IN THE SUPREME COURT OF JUDICATURE OF JAMAICA

CLAIM NO. HCV 0151 OF 2003

BETWEEN HENRY BROWN CLAIMANT

A N D JOHN MARTIN DEFENDANT Miss Simone Jarrett for the Claimant instructed by Mr. Leroy Equiano of the Kingston Legal Aid Clinic Mr. Andrew Irving for the Defendant Heard: 13 th November, 2003 and 14 th November, 2003

JUDGMENT

RATTRAY, J:

Henry Brown and John Martin were never close enough to have been described as friends. However prior to July 1, 2002, neither could they have been called enemies. What happened on that fateful day to cause two persons, neighbours in the sense that they both resided on the same crescent, to end up before this Court?

Henry Brown claims that on the 1 st July, 2002 he was the victim of an unprovoked and malicious attack by John Martin, who used a wooden plank with a nail embedded in it to strike him, causing him to sustain personal injuries and incur loss and expense.

John Martin on the other hand maintains that it is he who was attacked by Henry Brown with a machete. In order to defend himself from this wrongful and unwarranted assault, Mr. Martin picked up a piece of board from the sidewalk and struck Mr. Brown, using no more force than was reasonable in all the circumstances.

What this Court has to decide is whether John Martin intentionally and without provocation attacked Henry Brown with the wooden plank and inflicted severe personal injuries or whether the circumstances were such that John Martin was acting in self defence in protection of his own life.

Henry Brown has brought these proceedings in Court claiming damages for personal injuries suffered and loss and expenses incurred as a result of Mr. Martin’s actions.

The burden rests solely on Henry Brown to satisfy this Court on a balance of probabilities that he is entitled to Judgment in his favour and the consequential relief claimed.

Henry Brown says that on the morning of the 1 st July, 2002, he was talking with his baby mother Lydia Brown, with whom at the time he no longer had a relationship, on Wellside Crescent in the parish of St. Andrew.

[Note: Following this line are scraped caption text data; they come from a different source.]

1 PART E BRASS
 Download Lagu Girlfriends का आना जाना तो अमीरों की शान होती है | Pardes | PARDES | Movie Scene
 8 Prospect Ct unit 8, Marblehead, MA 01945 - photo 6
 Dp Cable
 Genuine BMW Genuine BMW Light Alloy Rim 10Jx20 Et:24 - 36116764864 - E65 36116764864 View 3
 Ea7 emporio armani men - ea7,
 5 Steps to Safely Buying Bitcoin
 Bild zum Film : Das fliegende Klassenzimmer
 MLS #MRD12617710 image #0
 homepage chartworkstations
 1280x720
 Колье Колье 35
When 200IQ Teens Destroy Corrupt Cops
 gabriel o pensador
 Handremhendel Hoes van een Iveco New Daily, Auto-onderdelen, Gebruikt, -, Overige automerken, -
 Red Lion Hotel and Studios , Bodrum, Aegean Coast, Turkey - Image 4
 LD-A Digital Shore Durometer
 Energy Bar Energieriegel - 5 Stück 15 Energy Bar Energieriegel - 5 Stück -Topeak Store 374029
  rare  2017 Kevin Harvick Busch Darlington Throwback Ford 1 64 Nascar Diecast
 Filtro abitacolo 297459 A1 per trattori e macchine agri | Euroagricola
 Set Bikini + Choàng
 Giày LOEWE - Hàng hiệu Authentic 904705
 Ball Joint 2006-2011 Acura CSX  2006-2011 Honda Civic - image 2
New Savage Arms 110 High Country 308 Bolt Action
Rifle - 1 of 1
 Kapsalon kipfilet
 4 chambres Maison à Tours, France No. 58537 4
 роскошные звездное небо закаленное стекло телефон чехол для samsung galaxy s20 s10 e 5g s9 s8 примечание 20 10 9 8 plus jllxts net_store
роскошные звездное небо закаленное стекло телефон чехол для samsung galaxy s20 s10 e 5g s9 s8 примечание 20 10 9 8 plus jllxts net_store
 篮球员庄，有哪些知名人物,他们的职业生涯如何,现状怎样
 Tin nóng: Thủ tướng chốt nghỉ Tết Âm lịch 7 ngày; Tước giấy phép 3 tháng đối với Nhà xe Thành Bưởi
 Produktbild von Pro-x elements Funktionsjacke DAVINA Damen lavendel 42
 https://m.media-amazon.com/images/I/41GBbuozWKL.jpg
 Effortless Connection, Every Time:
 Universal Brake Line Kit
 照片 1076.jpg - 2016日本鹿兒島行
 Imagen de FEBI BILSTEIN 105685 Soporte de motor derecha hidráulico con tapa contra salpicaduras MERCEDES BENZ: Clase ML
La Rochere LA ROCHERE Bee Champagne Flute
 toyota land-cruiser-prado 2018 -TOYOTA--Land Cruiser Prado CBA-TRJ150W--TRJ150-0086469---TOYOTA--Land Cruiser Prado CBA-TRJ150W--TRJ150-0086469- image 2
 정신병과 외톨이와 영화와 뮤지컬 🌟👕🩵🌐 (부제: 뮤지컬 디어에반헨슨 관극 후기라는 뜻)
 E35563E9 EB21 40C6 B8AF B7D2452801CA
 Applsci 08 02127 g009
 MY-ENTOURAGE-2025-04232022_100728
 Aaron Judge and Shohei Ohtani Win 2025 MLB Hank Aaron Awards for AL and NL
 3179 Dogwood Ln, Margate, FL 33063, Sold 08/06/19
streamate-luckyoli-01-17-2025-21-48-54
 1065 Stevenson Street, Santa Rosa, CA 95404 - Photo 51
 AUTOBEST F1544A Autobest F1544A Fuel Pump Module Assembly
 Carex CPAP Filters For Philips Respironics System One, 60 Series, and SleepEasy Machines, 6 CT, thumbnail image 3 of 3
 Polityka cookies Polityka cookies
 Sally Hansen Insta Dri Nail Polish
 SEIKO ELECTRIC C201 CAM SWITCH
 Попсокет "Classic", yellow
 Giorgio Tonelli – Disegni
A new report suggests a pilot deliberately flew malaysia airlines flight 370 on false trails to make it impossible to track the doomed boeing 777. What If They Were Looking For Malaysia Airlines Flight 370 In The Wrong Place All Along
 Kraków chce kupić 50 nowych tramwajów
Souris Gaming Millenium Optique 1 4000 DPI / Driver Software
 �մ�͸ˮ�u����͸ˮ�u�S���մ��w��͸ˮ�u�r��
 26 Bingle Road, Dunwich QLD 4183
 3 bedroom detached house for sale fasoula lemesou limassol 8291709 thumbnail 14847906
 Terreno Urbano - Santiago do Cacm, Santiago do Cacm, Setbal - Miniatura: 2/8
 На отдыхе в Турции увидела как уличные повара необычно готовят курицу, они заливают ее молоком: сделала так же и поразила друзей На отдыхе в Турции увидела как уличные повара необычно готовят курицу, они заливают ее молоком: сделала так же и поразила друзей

Her new boyfriend the Defendant in this action, John Martin called her and she went over to him and eventually walked away.

Subsequently John Martin came towards him with a piece of 4" x 4" lumber and threatened to kill him. Henry Brown says he had his machete with him as he was going to work at Newport West to chop bush and he held the machete in his right hand. He further says that John Martin came towards him with the piece of wood, but he (Brown) turned away and was moving off the sidewalk holding his bicycle with both hands and the machete in his right hand, when he was attacked from behind.

He goes on to tell this Court that John Martin hit him from behind with the piece of wood on his left side, while he (Brown) was standing on the sidewalk and Martin was to his left a little behind him standing in the road.

Mr. Brown says he rode off on his bicycle to the Police Station and was taken by the police to the public hospital where he was treated. The severity of the blow was such that he sustained fractures to his 2 nd , 3 rd and 6 th ribs among other injuries.

John Martin in the amended Defence filed on his behalf denied the allegations of Henry Brown. In his evidence, he states that it was Mr. Brown who was being verbally abusive to Lydia Brown on that day and when he (Martin) engaged her in conversation, it was Henry Brown who threatened to kill him and drew his machete and approached him menacingly.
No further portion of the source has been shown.